Radioactu : Quels résultats d’audience vous êtes-vous fixés ?
Bruno Laforestrie : Mathieu Gallet a fixé des objectifs à ses chaînes. Le Mouv’ est une radio nationale mais ne possède pas un réseau aussi puissant que ceux de ses concurrents. Le Mouv’ a déjà fait 1% d’audience et devrait pouvoir le refaire. C’est un des objectifs que nous pouvons déjà nous fixer. Nous ne nous sommes pas donné de délais précis, mais nous tendons vers cela.

Radioactu : Personnellement, quel score pensez-vous que Le Mouv’ peut établir avec le projet que vous êtes en train de mettre en oeuvre ?
Bruno Laforestrie : Nous travaillons sur un projet « on air on-line on me ». Nous sommes les premiers à Radio France à avoir créé une direction des antennes au sens large. « On air » correspond au canal FM, « on-line » correspondant à l’ensemble de nos réseaux et le « on me » à l’ensemble de notre interactivité. Aujourd’hui, les critères d’audience vont être triples. Concernant le réseau FM du Mouv’, il a déjà historiquement enregistré 1% d’audience. Ce score n’est donc pas inaccessible. L’univers concurrentiel a changé et est certainement plus important. Par exemple, une radio comme NRJ a reconquis une partie des jeunes là où Skyrock en a perdu un peu. Mais Le Mouv’ peut et doit atteindre ce qui a déjà été fait dans le passé.

Radioactu : Avez-vous des choses à ajouter ?
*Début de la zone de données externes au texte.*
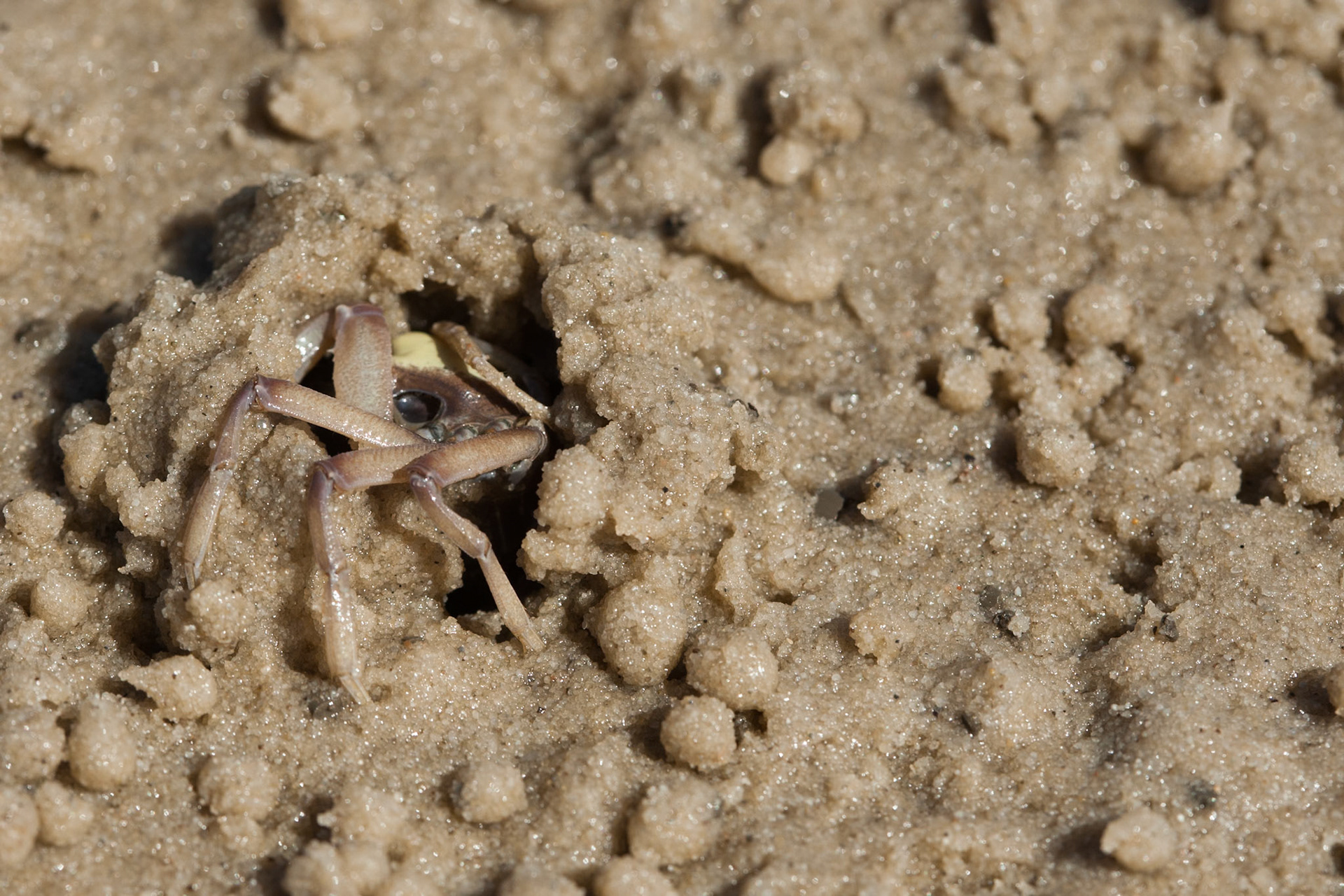 Soldier crabs, Kingfisher Bay, Fraser Island, Queensland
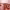 https://res.cloudinary.com/billionhands/image/upload/v1780004847/items/s9uphonthiph3ziazlhw.webp-3cover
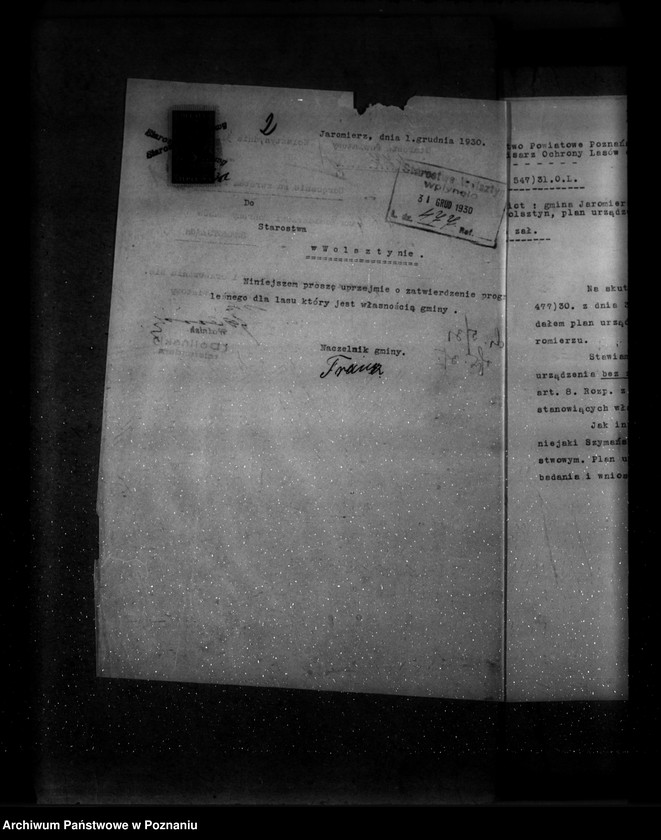 Obraz 6 z jednostki "Las gminy Jaromierz powiat wolsztyński"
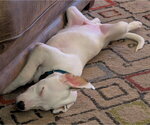 Small Photo #6 Aussiedor Puppy For Sale in Mount Airy, NC, USA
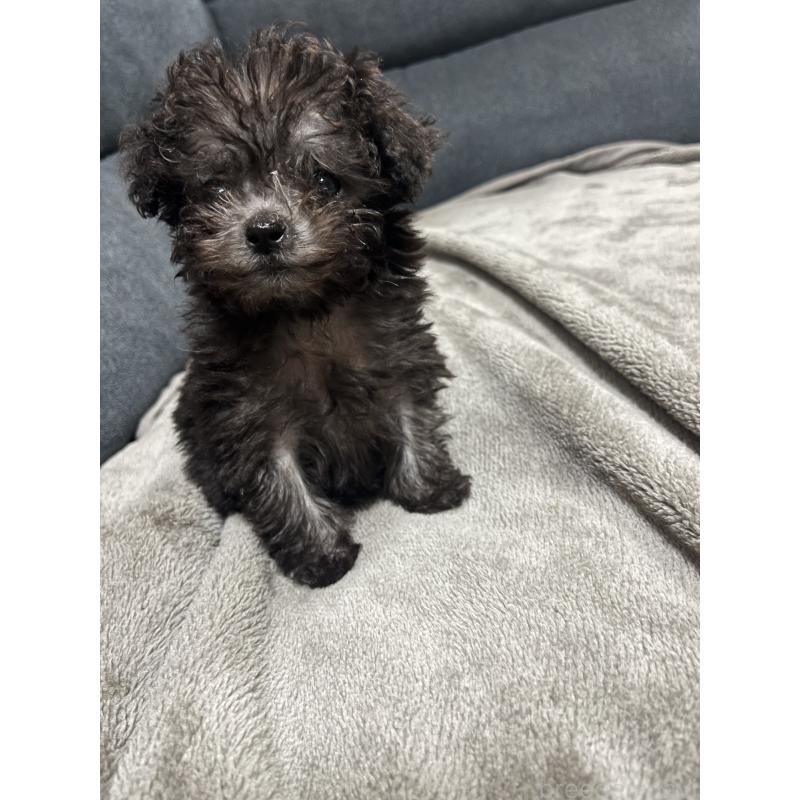 販売中の愛知県のトイプードル-438539の4枚目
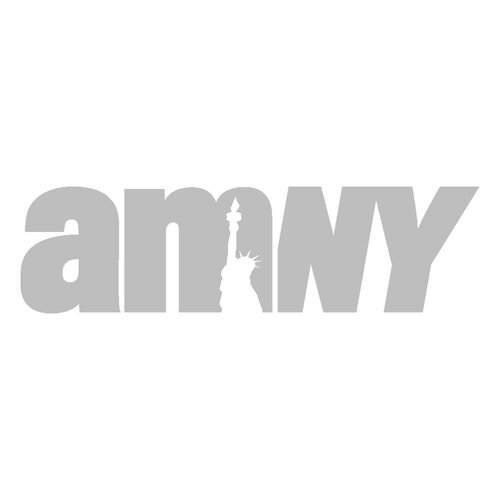 Gray AMNY logo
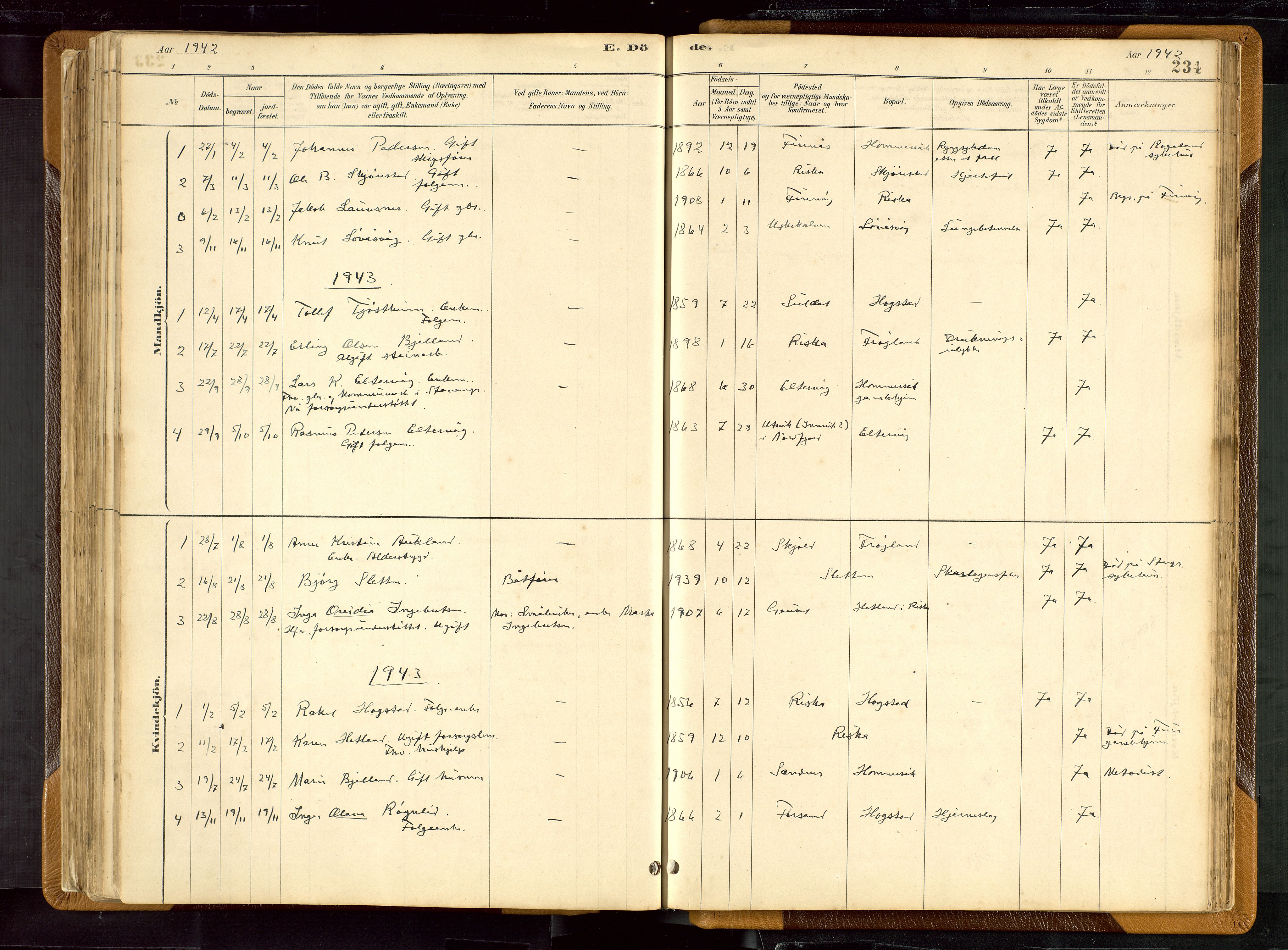 Hetland sokneprestkontor, AV/SAST-A-101826/30/30BB/L0007: Parish register (copy) no. B 7, 1878-1910, p. 234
Bruno Laforestrie : Je m’inscris vraiment dans le projet de Monsieur Gallet tel qu’il l’a exprimé au CSA. Le premier projet était un projet éditorial, mais aussi managérial : mettre en route et faire en sorte que le fonctionnement d’une entreprise publique s’inscrive dans une dynamique. Je viens de la PME, voire de la TPE et de l’association. J’ai vécu de nombreuses expériences différentes durant ces vingt dernières années, souvent dans de petites et moyennes entreprises, y compris des start-up. Je suis un entrepreneur culturel, je l’espère au sens positif du terme. Je suis gré à Mathieu Gallet et Frédéric Schlesinger de pouvoir faire en sorte que des profils un peu comme le mien – qui n’ont pas toujours évolué dans de grosses structures -, puissent venir pour travailler avec des équipes qui ont une autre expérience et développer un nouveau projet. C’est un sujet important qui met une dynamique en interne et porte un autre regard. A partir de là nous pouvons entamer une réussite car les jeunes qui écoutent Le Mouv’ ont différentes expériences, différents profils. Je fais partie de ceux qui ont eu différentes expériences, différentes vies professionnelles et j’espère pouvoir drainer derrière moi un certain nombre de réussites, en tout cas pour le groupe Radio France.